I don’t even know where to begin! It’s a long story, grab a cuppa.
I found out about my pregnancy and March 2020. After my initial 12-week scan with my due date in September we thought we had a lot of time to get prepared for having a baby.
At 28 weeks my scan showed that our baby was smaller than expected which kick-started extra scans and weekly visits to the hospital. Growth scans are quite normal when the baby is picked up as being small. However at my 31 week scan the doctor saw something that she wasn’t quite happy with and asked me to stay as an inpatient to be monitored. This wasn’t quite the routine scan that I was expecting I was a bit shocked as I’ve never stayed in hospital before. I spent four days in the women’s centre being monitored constantly and baby being checked. I was discharged on the Thursday afternoon, super happy that I could sleep in my own bed again and my next scan was due on the following Tuesday.
My partner and I went shopping on Saturday, we took a walk to town, bought a new bed and visited a few shops. We came out of one shop and as we exited an elderly gentleman pointed at my tummy and said “3:30 tomorrow morning”. We just looked at each other and laughed and thought “yeah right”, didn’t think anything else of it and went home. Later that night we both struggled to get to sleep. My partner went downstairs to play his PlayStation whilst I tried to get some rest in bed. At 3 a.m. Sunday morning I woke up in a pool of blood. Of course this was terrifying and we immediately made our way to the hospital delivery suite 30 minutes away.
In a bit of a blur and on advice by the doctor’s and midwives I was rushed in for an emergency cesarean section* and baby Elsie was born at 7:07 am on the 26th of July 2020. She was born at 32 weeks gestation.
This is something that we had not prepared for and we had what felt like a really long road ahead of us. After my surgery I was taken to recovery I had seen my baby for less than 5-minutes, I didn’t really feel like I’d even given birth. Elsie was taken to intensive care in the neonatal unit, she was put on oxygen and into an incubator. The first time I got to spend some time with her was 7 p.m. that evening, 12 hours after she was born. Seeing her in the incubator attached to the wires with nurses and doctors all around her was really scary. I don’t think there’s much that can prepare you for seeing your baby like that and the feelings where overwhelming.
The first few days were tough, I was recovering from surgery but trying to spend as much time as possible with my daughter in the NICU. When I was due to be discharged, the NICU staff referred my partner and I to the Ronald McDonald House Charity. We were offered a room on the hospital site which meant that we could live close by and save travel and stress to and from the hospital. This was an absolute godsend, we couldn’t be more grateful to the hospital and the charity. Being able to stay close by meant that we could visit every day, we could be involved in our daughter’s care and make sure that we built up a bond with her.
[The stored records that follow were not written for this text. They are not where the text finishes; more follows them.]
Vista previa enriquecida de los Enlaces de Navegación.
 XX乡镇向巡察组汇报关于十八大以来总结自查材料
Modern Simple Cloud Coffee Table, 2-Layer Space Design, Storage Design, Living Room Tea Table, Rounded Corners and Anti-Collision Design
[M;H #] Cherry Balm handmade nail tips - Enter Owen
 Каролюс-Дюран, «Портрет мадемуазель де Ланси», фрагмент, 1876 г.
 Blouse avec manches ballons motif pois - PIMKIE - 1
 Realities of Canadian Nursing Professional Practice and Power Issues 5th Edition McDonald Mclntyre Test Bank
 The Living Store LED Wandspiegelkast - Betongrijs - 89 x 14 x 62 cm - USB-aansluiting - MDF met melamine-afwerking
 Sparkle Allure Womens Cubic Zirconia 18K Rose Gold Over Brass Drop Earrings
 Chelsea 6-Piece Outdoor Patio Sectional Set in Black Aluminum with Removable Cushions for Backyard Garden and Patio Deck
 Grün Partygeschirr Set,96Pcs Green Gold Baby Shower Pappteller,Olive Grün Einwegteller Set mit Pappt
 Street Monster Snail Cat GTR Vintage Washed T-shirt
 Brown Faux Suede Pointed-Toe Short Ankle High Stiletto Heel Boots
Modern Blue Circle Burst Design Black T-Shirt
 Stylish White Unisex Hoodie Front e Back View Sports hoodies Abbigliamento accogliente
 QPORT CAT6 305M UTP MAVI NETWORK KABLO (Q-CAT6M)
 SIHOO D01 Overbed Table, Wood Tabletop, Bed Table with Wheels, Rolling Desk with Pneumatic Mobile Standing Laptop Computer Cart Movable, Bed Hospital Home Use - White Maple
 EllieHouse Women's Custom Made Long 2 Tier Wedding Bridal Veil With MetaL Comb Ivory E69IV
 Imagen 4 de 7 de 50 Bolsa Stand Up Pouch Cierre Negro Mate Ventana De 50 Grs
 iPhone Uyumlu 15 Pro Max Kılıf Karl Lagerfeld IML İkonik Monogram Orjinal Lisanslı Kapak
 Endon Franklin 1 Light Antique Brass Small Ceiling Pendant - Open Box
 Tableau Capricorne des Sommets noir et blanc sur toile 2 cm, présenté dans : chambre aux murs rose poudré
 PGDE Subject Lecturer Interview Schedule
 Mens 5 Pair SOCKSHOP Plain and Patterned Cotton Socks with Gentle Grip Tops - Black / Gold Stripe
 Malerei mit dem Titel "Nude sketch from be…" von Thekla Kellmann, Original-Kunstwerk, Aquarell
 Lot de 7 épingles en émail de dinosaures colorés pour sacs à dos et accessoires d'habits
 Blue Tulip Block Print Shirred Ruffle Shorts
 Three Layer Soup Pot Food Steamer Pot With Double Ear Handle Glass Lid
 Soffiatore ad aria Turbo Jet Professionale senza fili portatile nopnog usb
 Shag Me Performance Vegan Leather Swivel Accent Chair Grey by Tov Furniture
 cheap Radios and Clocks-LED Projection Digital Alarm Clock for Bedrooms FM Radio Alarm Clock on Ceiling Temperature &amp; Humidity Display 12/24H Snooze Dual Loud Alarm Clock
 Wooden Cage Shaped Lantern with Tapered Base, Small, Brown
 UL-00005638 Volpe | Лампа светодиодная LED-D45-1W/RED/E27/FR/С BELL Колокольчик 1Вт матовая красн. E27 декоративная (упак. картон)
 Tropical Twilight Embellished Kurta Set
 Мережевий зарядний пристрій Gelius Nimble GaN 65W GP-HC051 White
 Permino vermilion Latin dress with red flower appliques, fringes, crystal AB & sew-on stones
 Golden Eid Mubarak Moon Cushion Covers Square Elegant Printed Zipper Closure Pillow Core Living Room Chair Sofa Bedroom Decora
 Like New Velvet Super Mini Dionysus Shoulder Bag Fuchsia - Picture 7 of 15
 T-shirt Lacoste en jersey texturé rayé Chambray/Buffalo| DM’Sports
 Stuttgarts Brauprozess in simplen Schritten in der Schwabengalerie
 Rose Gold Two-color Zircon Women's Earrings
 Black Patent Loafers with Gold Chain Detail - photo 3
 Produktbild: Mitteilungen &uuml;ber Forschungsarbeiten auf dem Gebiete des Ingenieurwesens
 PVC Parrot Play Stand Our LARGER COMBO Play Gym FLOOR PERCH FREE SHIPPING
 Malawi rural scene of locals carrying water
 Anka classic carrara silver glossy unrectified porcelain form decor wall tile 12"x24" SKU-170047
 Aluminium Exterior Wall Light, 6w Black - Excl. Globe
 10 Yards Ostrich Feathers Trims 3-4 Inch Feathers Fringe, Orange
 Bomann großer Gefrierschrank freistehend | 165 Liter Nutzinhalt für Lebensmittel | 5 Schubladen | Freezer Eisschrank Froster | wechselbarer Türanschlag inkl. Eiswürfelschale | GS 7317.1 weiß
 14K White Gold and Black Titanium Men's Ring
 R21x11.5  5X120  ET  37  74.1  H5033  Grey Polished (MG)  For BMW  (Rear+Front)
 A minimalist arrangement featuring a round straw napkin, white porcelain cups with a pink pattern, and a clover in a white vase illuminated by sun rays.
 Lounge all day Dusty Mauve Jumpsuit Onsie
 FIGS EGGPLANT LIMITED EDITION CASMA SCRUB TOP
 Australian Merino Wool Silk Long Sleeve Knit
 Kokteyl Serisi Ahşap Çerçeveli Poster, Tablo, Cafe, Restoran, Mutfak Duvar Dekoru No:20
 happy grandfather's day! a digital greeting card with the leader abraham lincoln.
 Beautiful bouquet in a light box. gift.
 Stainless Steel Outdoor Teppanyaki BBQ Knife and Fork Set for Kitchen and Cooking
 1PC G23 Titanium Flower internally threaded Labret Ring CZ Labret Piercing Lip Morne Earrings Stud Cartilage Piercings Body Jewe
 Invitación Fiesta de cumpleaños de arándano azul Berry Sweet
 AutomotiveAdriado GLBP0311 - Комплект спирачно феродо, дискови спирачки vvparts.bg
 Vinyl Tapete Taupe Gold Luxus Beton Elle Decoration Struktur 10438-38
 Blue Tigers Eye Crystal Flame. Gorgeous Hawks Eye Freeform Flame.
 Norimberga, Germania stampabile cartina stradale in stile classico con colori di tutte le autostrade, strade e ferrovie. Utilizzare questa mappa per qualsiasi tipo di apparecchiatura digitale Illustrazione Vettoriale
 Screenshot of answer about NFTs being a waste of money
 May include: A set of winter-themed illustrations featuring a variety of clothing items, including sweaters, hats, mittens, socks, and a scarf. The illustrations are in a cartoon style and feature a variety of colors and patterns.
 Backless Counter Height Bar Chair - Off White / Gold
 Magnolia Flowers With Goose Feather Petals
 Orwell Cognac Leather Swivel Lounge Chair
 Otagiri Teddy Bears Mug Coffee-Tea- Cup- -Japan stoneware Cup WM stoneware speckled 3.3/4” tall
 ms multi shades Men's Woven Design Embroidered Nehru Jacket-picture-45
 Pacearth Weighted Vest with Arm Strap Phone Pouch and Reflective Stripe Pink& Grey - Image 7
She spent just 3 days in ICU, before being moved to the high dependency unit. We were in the HDU for just over a week until she was taken off of her oxygen. She was then moved again to the low dependency unit. This was a big move for all of us as we knew that it was the last step before home. It was now up to us and Elsie to get her a little bigger and a little stronger so we could take her home.
Whilst my partner was still working, I spent the majority of my days sitting at her cotside. At first, she was too small to get her food from the breast or bottle so all of her feeds were via a gastrointestinal tube, inserted through her nose. For her to be able to come home, the requirements were that she could take a minimum of two “sucking” feeds in 24hrs, 48 hours consecutively. Over the two weeks, we introduced breastfeeding. I’m not going to lie, it was hard work. I’m sure breastfeeding your baby at home is just as hard, but I had nurses watching me constantly, there was no private space, just an open ward. Other parents in and out all of the time and a baby on a to-the-dot feeding schedule. It was exhausting.
Perseverance paid off eventually, she picked up feeding quite quickly and we were allowed home on a ‘home tube feeding’ program. This wasn’t ideal, but it did mean that we could be back in a familiar space and start our own little routine. The idea was that her tube feeds would be reduced over time and all of her feeds would be by breast or bottle.
Now, two weeks after being discharged, I can happily say that our little dumpling is tube free. She’s putting on weight, and although still very small, she’s growing into a strong little human!
I’ll be paying a visit to old man in the charity shop one day to ask him what he knew! The single most strange experience of my life.
* I’m still waiting for a firm diagnosis, however it is thought that the reason I was bleeding was due to a severe placental abruption. I don’t know much about this and haven’t been provided with a great deal of information as of yet, however I am told that it roughly affects 2% of pregnant women in the UK. If you suspect that there is something wrong with you or your baby, contact your midwife or maternity assessment unit as soon as possible.